Yep, pretty much as I understand it too.
As long as they are RDP'ing into their regular physical PC this is fine and covered under existing licenses.
You only run into issues where you have users RDP'ing into a server for their work or where you try and turn a desktop OS into a budget RDS server.
Brand Representative for Microsoft
With Windows 10, license-wise, only the single primary user may remotely access his/her PC. Any other user would require Windows SA/Windows VDA.
Office 365 is a user license and Office 2016 VL is a device based license.
Sounds like we will be fine then as it literally is only users accessing their own machines.
Brand Representative for Microsoft
Damjo wrote:
Sounds like we will be fine then as it literally is only users accessing their own machines.

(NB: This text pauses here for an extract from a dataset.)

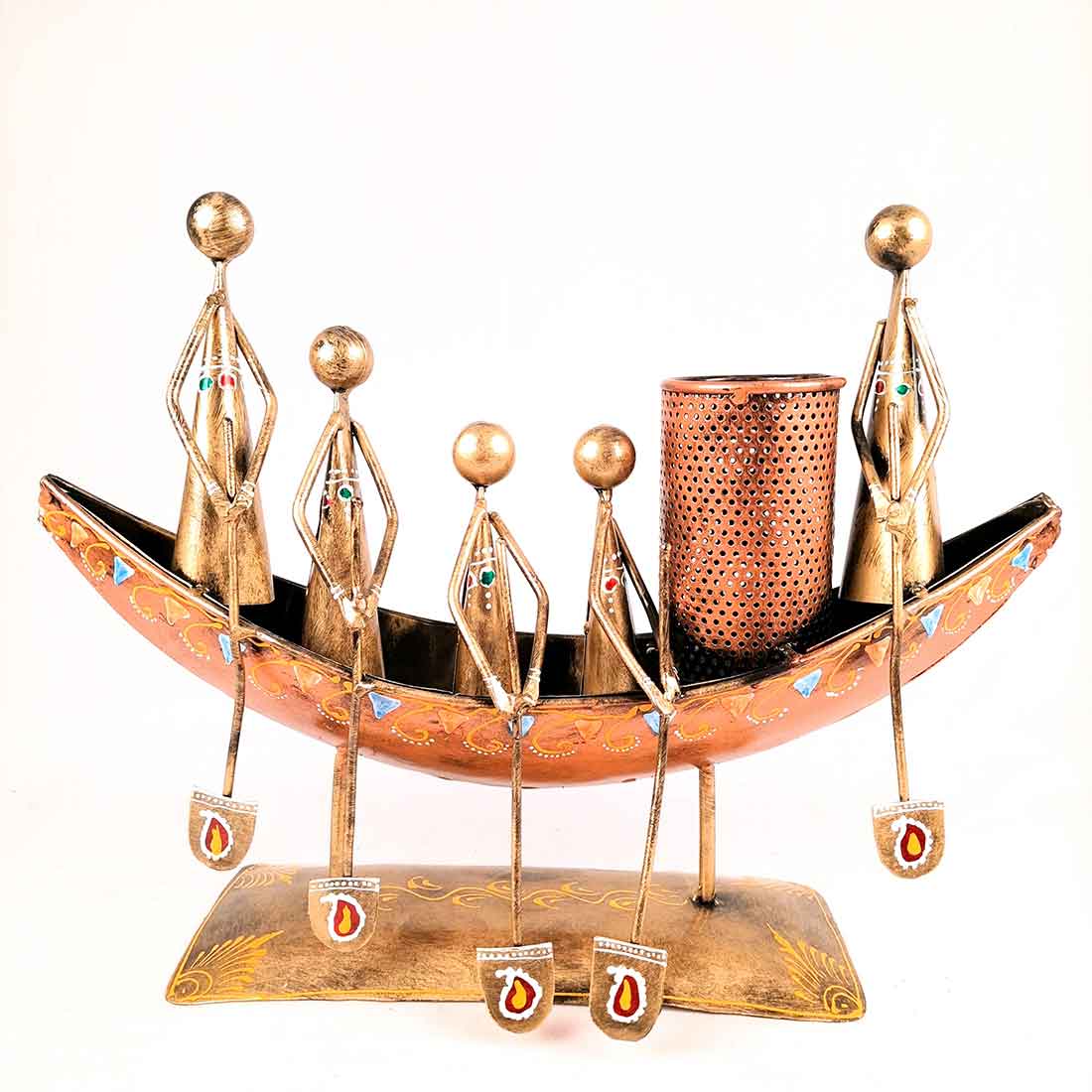 Showpiece Pen Holder | Desk Organizer - Boat Design - For Table Decor -15 Inch - ApkaMart#Color_Gold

As far as I can tell, yes youre good.
My only concern would be Office... I couldnt tell if your users/devices were licensed with O365 or Office VL.
Damjo wrote:
Sounds like we will be fine then as it literally is only users accessing their own machines.
So far you are good to go. It is good to ask these questions though to make sure you are in the right path.
Under Office 365 licencing you are allowed to install the office suite onto 5 separate devices.So if the are remoting in only to use office, either let them install on their home machine or access the web portal and use the online version
But if they are working from home often, why not supply them a laptop so they can take it with them, why allow non-secure, unmanaged devices to connect to your office at all?
Do you posture validate?
my question was just regarding the legality not change of infrastructure or new kit, thanks for the input though
Rod-IT wrote:
But if they are working from home often, why not supply them a laptop so they can take it with them, why allow non-secure, unmanaged devices to connect to your office at all?
Do you posture validate?
I understood your question, i was simply enquiring as to why they wouldn't have laptops instead.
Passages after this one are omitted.